Exercise data:

>>>>

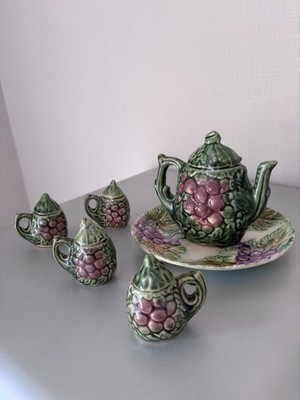 Antikes französisches Majolika Kaffeeservice Barbotine Trauben Vallauris 50er Jahre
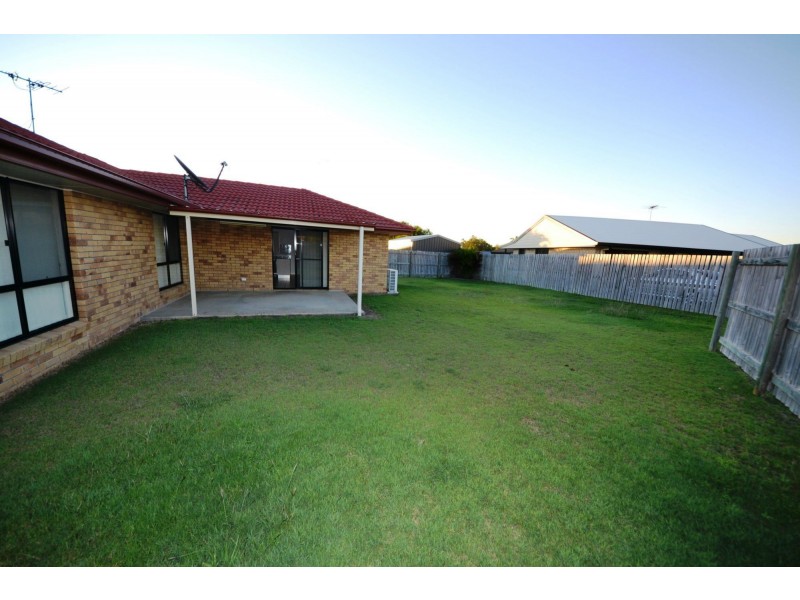 10 Rosella Drive, Gracemere QLD 4702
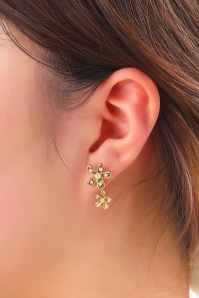 Day&Eve by Go Dutch Label - Double Pearl Flower oorbellen in goud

<<<<

What is needed: Nothing but the lines from the one that holds "10 Rosella Drive, Gracemere QLD 4702" through the end of the data should appear, written out exactly, without pictures.

Output of the exercise:
 10 Rosella Drive, Gracemere QLD 4702
 Day&Eve by Go Dutch Label - Double Pearl Flower oorbellen in goud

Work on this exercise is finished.